Former Federal Reserve Chairman Alan Greenspan has warned of a dramatic correction in China's exchanges that would send shockwaves through the U.S. and world markets. But in Shanghai and Beijing investors have shrugged off concerns and are still pouring cash into precarious markets.
On Friday, China's benchmark Shanghai Composite Index gained 0.7 percent to 4,179.78, its highest closing level.
And with the index up 56 percent so far this year, following gains of 130 percent last year, investors are undeterred.
But industry experts fear that the booming Chinese stock exchanges could see their lengthy rally come to an abrupt halt by events such as a slowdown in exports and profits, the Organization of Economic Co-operation and Development (OECD) cautioned.
That is why high share prices pose a risk to stability.
The concern was evident at a downtown brokerage recently, as throngs of people, including many first-time investors, watched the Shanghai Composite Index scroll across the big screen.
Despite instructions from China's Securities Regulatory Commission that brokerages warn newcomers about the risks before they open new accounts, little has dampened investors' enthusiasm.
It is the small investors taking big risks that is fueling the boom in China's stock markets.
"I've got nothing to do at home, so I figured, hey, I'll just take some idle money to invest," said Li Xiwen, a 57-year-old retiree who opened an account earlier this month.
Smoking a cigarette outside the brokerage in Beijing, Li said for him "it's not worth it to borrow money to trade stocks.
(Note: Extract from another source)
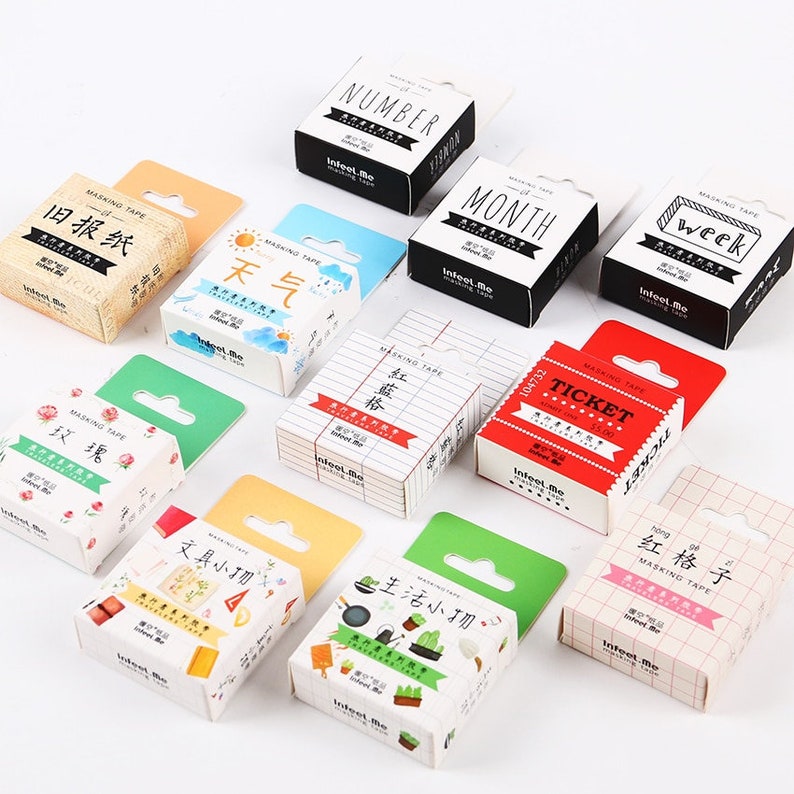 Bujo Washi Tape Days of the Week Weather Succulent Number Washi Calender Floral Washi Music Washi Grid Washi Bullet Journal DIY Planner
If you pick the wrong ones, you lose your shirt."
Others, however, are not as circumspect about the ups and downs of the market.
At the Jinbao Pawn Shop, just down the block from the brokerage, 28-year-old shopkeeper Fan Miao said he gets customers who want quick cash to buy stocks.
"Some people have come to ask about putting up their homes as collateral," he said. "We try to talk them out of it.
"People mostly pawn stuff to raise cash in a pinch. If they play the stock market, they may not make enough to pay off the interest on what we loan them," he said.
The official China Economic Times published a survey of office workers who invest that showed 60 percent made the equivalent of less than $400 a month. Half of the respondents said they were new to investing in the markets and understood little about them, while 73 percent said they are playing the market with their household savings.
Analysts are concerned that these investors ignore explosive fluctuations in the markets, as well as the government's attempt at cooling them.
"(They have) been trained to see every decline in the market as a buying opportunity, and that's really scary," said Michael Pettis, a visiting economist at Beijing University.
Pettis notes that on May 18, Beijing tried to cool down its markets by raising interest rates, widening its currency's trading band, and requiring banks to keep more money in reserve.
"One of my worries about this move is that it's going to have no impact ... undermining further any belief that the government has control over the markets," Pettis said.